This repository conatins the code for paper "HERO: A Hierarchical Set Partitioning and Join Framework for Speeding up the Set Intersection Over Graphs".
The source code has no extra dependacy except the C++ standard library (STL). We use the CMake 3.27.4 and the GCC 7.5.0 for configuration (the earlier versions may also work, but we are not sure). Please do as follows.
mkdir -p build && cd build
cmake .. -DPATH_MACRO="/path_of_your_datasets"
make -j
cd ..
Note that we use -DPATH_MACRO to set the directory of the graph datasets. If you just want to use the demo graph contained in the data folder, please use -DPATH_MACRO="/path_of_your_HERO_repository/data/".
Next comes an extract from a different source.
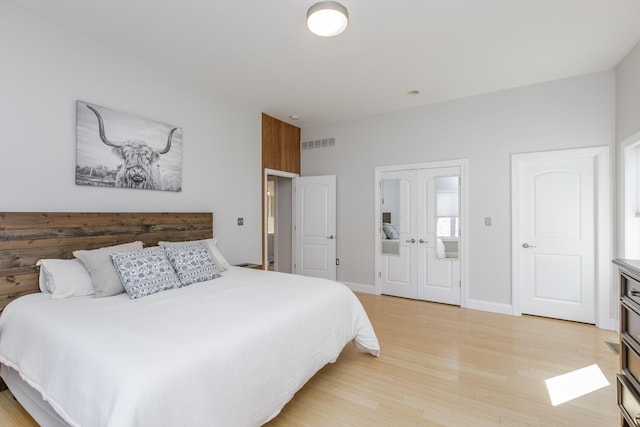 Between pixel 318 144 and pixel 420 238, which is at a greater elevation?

Five executables will be generated in the created folder bin, that is, tc, mc, sl, pt and reorder. Among these executables, the reorder is used to get the HBGP order (proposed in the above paper) of graphs, while the others refer to the downstream tasks which are conducted in the experiments section of the above paper.
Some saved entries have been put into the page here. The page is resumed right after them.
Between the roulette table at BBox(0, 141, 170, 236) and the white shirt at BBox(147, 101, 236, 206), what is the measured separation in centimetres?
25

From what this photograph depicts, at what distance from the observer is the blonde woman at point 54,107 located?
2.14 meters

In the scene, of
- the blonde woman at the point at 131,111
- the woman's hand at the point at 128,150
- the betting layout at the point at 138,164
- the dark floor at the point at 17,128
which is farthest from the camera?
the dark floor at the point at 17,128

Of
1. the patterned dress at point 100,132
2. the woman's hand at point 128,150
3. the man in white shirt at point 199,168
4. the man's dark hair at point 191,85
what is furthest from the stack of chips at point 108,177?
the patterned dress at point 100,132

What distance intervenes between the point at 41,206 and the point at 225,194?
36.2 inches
To conduct the global intersection or local intersection, run:
./bin/pt -opt
where -opt should be replaced by "global" or "local".
To conduct the triangle counting (tc) and maximal clique enumeration (mc), just run the corresponding executable. Take tc as example:
./bin/tc -graphfile
where -graphfile should be replaced by the name of graph datasets (please refer to lines 34-45 in the graph.hpp).
To conduct the subgraph listing (sl), please run the sl as follows:
./bin/sl -graphfile -pattern
where -graphfile should be replaced by the name of graph datasets (please refer to lines 34-45 in the graph.hpp), and -pattern should be selected from 4-cycle, 4-dimond and 4-clique.
We also provide scripts to conduct the above experiments in the folder scripts.
export HERO_ROOT="/path/of/your/HERO/repository"
cd scripts
bash run_pt.sh global
bash run_pt.sh local
bash run_tc.sh
bash run_mc.sh
bash run_sl.sh 4-cycle
bash run_sl.sh 4-dimond
bash run_sl.sh 4-clique
All the experiment logs will be output in the created folder exp.
Due to the storage limitation, the dataset is shared through the Google Drive. Please get access from the following linking: https://drive.google.com/open?id=1-08dDoWy-s6qJu38QsbokdnZgzgtUrkM&usp=drive_fs.
We feel sorry that only graphfiles with origin ID are contained in the above link currently, since we are troubled by the poor uploading speed. Our proposed HBGP ordering can be get by running the excutable '''./reorder'''. To get the competitor orderings, please turn to the following github repository (the corresponding paper has already be cited in our submission.): https://github.com/pkumod/GraphSetIntersection.